31 May, 2023
The special procedures of the Human Rights Council are independent human rights experts with mandates to report and advise on human rights from a thematic or country-specific perspective. As of October 2021, there are 45 thematic and 13 country mandates, including:
- Working Group on Business and Human Rights
- Special Rapporteur on the rights to freedom of peaceful assembly and of association
- Special Rapporteur on the promotion and protection of the right to freedom of opinion and expression
- Independent Expert on human rights and international solidarity
- Special Rapporteur on the situation of human rights in Belarus
- Special Rapporteur on the situation of human rights in Myanmar
- Human Rights Treaty Bodies—Individual Communications
Individuals have increasingly acquired the means to vindicate their rights at the international level. Since the early 1970s, international complaint mechanisms have developed apace, and complainants can now bring claims to the United Nations concerning violations of their rights contained in the nine so-called ‘core’ human rights treaties.
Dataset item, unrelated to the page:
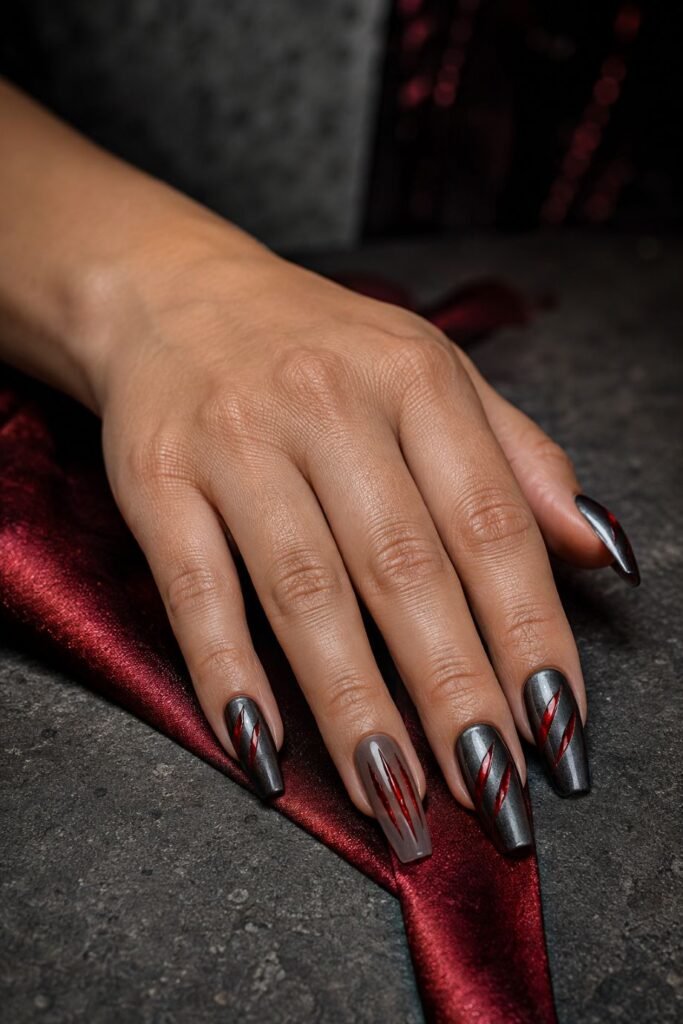 Gunmetal Horror Slashes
The nine treaties concern:
(i) civil and political rights;
(ii) torture and cruel, inhuman or degrading treatment or punishment;
(iii) racial discrimination;
(iv) gender discrimination;
(v) rights of persons with disabilities;
(vi) protection of all persons from enforced disappearance;
(vii) rights of migrant workers and members of their families;
(viii) economic, social and cultural rights;
(ix) rights of the child.
The complaint mechanisms are designed to be accessible to the layperson. It is not necessary to be a lawyer or even familiar with legal and technical terms to bring a complaint under the treaties concerned.
The UN Guiding Principles on Business and Human rights make clear that global companies are responsible for conditions in its supply chain, regardless of where the work is preformed and what the employment relationship is.
Negotiations for a binding UN treaty started in 2014. Global unions are pushing for a legally binding instrument to regulate, in international human rights law, the activities of transnational corporations and other business enterprises.